====== RECORDS FOR THIS TASK ======

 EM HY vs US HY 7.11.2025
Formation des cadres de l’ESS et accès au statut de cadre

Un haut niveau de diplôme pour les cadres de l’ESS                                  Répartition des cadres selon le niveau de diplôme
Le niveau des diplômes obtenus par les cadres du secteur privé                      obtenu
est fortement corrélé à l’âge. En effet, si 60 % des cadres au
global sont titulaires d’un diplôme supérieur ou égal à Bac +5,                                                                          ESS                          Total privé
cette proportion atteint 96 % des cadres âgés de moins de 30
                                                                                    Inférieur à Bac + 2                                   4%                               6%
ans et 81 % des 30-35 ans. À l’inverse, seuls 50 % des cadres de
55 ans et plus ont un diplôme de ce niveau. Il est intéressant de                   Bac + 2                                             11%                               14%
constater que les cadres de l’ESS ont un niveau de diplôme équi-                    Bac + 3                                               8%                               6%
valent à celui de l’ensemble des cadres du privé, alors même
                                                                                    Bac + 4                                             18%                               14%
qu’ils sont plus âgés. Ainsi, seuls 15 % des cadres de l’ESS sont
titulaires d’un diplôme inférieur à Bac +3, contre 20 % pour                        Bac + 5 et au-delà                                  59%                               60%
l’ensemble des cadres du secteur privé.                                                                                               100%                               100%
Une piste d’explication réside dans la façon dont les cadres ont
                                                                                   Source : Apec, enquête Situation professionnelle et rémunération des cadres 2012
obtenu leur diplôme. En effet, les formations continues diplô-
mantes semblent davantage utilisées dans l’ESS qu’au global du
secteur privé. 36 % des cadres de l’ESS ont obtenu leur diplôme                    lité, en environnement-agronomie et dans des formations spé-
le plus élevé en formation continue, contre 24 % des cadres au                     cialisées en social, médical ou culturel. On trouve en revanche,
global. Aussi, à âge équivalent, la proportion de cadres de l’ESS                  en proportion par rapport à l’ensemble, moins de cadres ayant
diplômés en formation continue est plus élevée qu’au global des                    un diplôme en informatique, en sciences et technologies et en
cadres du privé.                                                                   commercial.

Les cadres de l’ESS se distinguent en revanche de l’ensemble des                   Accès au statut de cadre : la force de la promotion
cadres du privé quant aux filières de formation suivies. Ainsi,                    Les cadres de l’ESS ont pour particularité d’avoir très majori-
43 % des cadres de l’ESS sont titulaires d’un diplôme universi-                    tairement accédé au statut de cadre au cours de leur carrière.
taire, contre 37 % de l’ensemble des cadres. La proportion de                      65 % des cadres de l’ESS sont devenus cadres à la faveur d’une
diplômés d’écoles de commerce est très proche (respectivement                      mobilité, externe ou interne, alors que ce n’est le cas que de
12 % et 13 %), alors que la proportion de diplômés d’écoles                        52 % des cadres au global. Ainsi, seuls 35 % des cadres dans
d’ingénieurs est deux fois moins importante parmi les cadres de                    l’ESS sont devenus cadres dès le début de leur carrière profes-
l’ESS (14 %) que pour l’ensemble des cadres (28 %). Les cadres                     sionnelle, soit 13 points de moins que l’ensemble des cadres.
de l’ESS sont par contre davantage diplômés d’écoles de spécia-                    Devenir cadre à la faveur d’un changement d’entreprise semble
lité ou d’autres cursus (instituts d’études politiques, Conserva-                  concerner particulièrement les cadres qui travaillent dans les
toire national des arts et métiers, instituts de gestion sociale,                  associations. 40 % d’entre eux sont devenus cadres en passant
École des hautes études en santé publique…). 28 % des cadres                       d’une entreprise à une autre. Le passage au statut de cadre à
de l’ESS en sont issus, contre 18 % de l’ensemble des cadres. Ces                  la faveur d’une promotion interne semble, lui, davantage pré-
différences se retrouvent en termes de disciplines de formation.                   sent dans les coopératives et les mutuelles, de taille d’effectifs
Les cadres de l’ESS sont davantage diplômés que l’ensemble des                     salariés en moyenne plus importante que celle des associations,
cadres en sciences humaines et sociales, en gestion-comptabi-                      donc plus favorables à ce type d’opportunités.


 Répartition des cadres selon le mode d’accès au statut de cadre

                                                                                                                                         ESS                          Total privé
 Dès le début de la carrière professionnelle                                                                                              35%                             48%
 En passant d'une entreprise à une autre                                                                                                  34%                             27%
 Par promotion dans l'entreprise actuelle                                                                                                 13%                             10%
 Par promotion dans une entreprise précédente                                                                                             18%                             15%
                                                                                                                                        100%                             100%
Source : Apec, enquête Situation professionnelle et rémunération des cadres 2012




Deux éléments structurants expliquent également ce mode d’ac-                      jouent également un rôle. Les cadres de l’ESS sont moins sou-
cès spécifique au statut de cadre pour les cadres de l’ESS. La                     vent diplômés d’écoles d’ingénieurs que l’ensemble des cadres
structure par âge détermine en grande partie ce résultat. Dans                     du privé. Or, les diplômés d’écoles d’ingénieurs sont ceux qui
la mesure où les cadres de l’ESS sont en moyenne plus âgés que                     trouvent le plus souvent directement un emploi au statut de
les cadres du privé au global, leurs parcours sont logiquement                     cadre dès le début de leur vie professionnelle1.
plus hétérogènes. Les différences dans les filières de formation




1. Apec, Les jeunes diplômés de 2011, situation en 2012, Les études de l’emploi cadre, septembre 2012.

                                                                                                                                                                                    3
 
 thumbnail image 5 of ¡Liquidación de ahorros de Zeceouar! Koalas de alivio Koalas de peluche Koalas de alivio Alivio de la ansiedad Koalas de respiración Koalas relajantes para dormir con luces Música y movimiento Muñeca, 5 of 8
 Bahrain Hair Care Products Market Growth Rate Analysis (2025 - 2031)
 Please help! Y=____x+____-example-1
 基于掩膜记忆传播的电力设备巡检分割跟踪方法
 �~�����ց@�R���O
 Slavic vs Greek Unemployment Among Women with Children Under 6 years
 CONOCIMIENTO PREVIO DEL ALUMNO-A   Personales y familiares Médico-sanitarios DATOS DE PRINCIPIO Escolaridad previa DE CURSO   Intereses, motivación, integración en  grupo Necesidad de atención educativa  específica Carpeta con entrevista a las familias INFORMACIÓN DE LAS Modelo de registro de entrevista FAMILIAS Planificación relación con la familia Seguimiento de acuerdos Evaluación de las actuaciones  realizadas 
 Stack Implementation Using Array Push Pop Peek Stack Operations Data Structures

======

> [ASSIGNMENT]:
Your reply is to repeat, unchanged, the lines above running from the one with "qu’ils sont plus" up to and including the one with "Une piste d’explication".

> [EXERCISE SOLUTION]:
qu’ils sont plus âgés. Ainsi, seuls 15 % des cadres de l’ESS sont
titulaires d’un diplôme inférieur à Bac +3, contre 20 % pour                        Bac + 5 et au-delà                                  59%                               60%
l’ensemble des cadres du secteur privé.                                                                                               100%                               100%
Une piste d’explication réside dans la façon dont les cadres ont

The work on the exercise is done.